In its business communications addressed to the relevant public, the defendant stated that his goods bearing the trademarks are genuine products as opposed to the claimant’s products bearing the same trademarks which are fake and called the relevant public for a boycott of the claimant’s products. The claimant filed a request for interim injunction in which he asked to prohibit the defendant from using their mark.
The Metropolitan Court prohibited the defendant by interim injunction from using claimant’s mark in the above context. The Tribunal held that defendant’s activity is supposedly trademark infringement. The defendant in his advertisements claimed that the goods offered by him for sale are of better quality than those traded by the claimant. This allegation was unfair.
The defendant filed an appeal with the Metropolitan Court of Appeal, which was successful, and the Court annulled the Tribunal’s decision. The Court held that the defendant’s use of the mark did not qualify as trademark use within the meaning of the EUTMR. As the parties traded the goods parallelly, the consumers associated the sign with both parties. The claim based on unfair competition could not be judged on the basis of the Trademark Act.
The claimant requested review with the Supreme Court. The Supreme Court changed the decision of the court of second instance. The Supreme Court held that in the advertisements and offers the defendant used claimant’s mark. This activity of the defendant must be qualified as use of the mark in the frame of trade and is therefore deemed to be infringement. The Supreme Court held that the Tribunal was right in his conclusion in respect of trademark infringement. Moreover, the Tribunal was also right considering the unfair behaviour of the defendant: the mark must be used within the framework of fair trade. Contrary to the decision of the court of second instance, the circumstance that the infringement can be condemned also under the Law of Competition, does not exclude the condemnation under the Trademark Law. In a procedure for interim injunction, it is not necessary to prove the situation in every detail, it is enough to prove the probability of infringement.
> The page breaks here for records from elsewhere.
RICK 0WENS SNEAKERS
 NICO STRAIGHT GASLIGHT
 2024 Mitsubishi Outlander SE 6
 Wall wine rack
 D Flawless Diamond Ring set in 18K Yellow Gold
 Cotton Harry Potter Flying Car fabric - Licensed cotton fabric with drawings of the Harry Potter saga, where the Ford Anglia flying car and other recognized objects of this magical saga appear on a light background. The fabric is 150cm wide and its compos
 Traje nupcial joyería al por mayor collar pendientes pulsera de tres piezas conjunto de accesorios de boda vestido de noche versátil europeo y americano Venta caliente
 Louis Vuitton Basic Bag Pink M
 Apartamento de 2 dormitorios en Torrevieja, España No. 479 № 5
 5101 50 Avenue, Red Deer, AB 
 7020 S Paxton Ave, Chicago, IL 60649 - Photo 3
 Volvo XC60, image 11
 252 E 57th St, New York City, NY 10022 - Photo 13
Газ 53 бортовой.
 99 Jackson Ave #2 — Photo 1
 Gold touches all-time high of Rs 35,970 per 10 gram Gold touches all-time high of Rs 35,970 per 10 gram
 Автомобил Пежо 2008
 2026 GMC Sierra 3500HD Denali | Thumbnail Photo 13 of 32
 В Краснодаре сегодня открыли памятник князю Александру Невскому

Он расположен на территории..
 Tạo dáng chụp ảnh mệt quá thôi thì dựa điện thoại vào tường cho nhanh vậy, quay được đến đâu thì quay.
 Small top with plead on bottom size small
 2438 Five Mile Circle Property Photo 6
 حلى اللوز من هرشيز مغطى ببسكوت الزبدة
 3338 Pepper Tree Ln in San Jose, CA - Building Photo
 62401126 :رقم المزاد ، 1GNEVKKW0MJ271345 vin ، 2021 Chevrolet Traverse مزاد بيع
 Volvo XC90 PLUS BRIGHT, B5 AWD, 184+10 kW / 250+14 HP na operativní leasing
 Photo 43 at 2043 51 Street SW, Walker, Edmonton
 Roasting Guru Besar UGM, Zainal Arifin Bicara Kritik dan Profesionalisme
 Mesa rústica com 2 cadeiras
The situation of the hereabove reported case seems to be a good example for the dilemma of the judges, namely a positive decision by the Tribunal, a negative one by the Court of Appeal and a positive one again by the Supreme Court. It is worthwhile repeating in this respect the word of the Supreme Court, which underlines that the function of the interim injunction is to secure a provisional measure. It follows from the idea that the final decision, i. e. judgement in merito can sometimes differ from the interim injunction.
I believe that regarding the question of judging the case on the basis of the Trademark Law and Competition Law separately or in a complex manner, the instruction of the Supreme Court is especially positive when it produces the complex appreciation of the two legal measures. In Hungarian case-law it happens quite often that courts (as in the here reported case: the Court of Appeal) prefer a separate handling of trademark infringement from an unfair competition action.